On this date
In 1862, Union forces led by Gen. Ulysses S. Grant defeated the Confederates at the Battle of Shiloh in Tennessee.
In 1927, the image and voice of Commerce Secretary Herbert Hoover were transmitted live from Washington to New York in the first successful long-distance demonstration of television.
In 1948, the World Health Organization was founded in Geneva.
In 1953, the U.N. General Assembly ratified Dag Hammarskjold of Sweden as the new secretary-general, succeeding Trygve Lie of Norway.
In 1962, nearly 1,200 Cuban exiles tried by Cuba for their roles in the failed Bay of Pigs invasion were convicted of treason.
In 1978, President Jimmy Carter announced he was deferring development of the neutron bomb.
In 1994, civil war erupted in Rwanda, a day after a plane crash claimed the lives of the presidents of Rwanda and Burundi; in the months that followed, hundreds of thousands of minority Tutsi and Hutu moderates were slaughtered by Hutu extremists.

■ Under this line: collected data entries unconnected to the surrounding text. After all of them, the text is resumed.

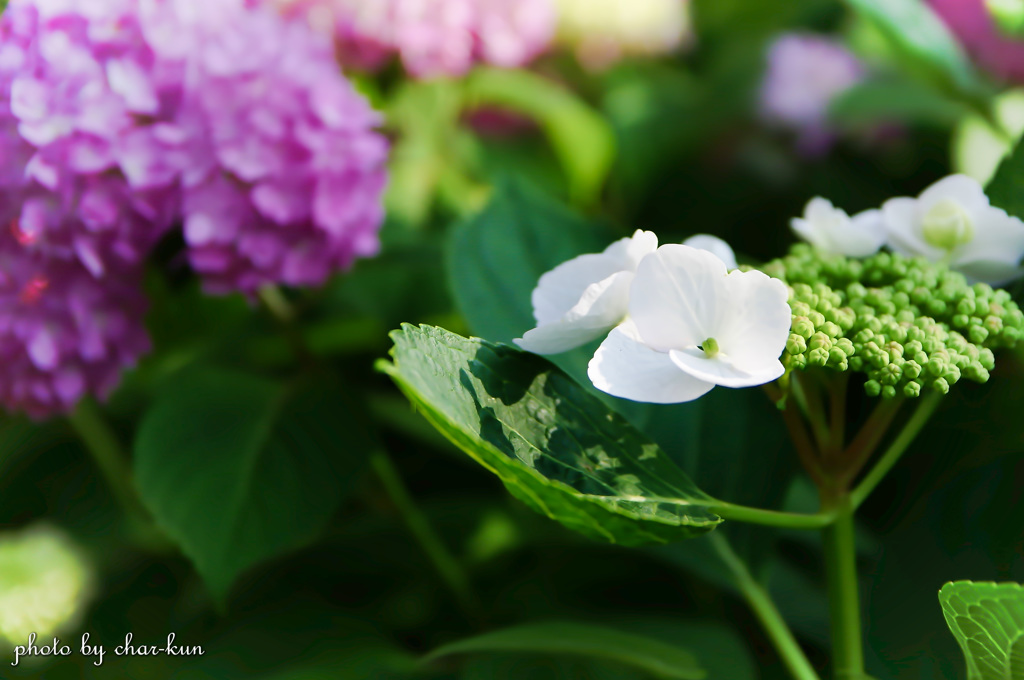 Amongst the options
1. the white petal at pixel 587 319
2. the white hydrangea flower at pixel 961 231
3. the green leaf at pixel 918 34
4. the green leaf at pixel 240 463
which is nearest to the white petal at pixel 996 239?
the white hydrangea flower at pixel 961 231

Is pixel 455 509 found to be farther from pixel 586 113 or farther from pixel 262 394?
pixel 586 113

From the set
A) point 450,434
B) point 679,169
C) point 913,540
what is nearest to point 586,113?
point 679,169

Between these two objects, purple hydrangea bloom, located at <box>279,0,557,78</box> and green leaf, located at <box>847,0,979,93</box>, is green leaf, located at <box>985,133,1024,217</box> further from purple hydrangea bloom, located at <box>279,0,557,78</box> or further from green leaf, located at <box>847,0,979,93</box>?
purple hydrangea bloom, located at <box>279,0,557,78</box>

Ten years ago: Anti-China protesters disrupted the Olympic torch relay in Paris, at times forcing Chinese organizers to put out the flame and take the torch onto a bus to secure it.
Five years ago: In Egypt, Christians angered by the killing of four Christians clashed with a Muslim mob throwing rocks and firebombs, killing one and turning Cairo’s main Coptic cathedral into a battleground.
One year ago: Gov. Jerry Brown declared an end to California’s 3year-old drought emergency.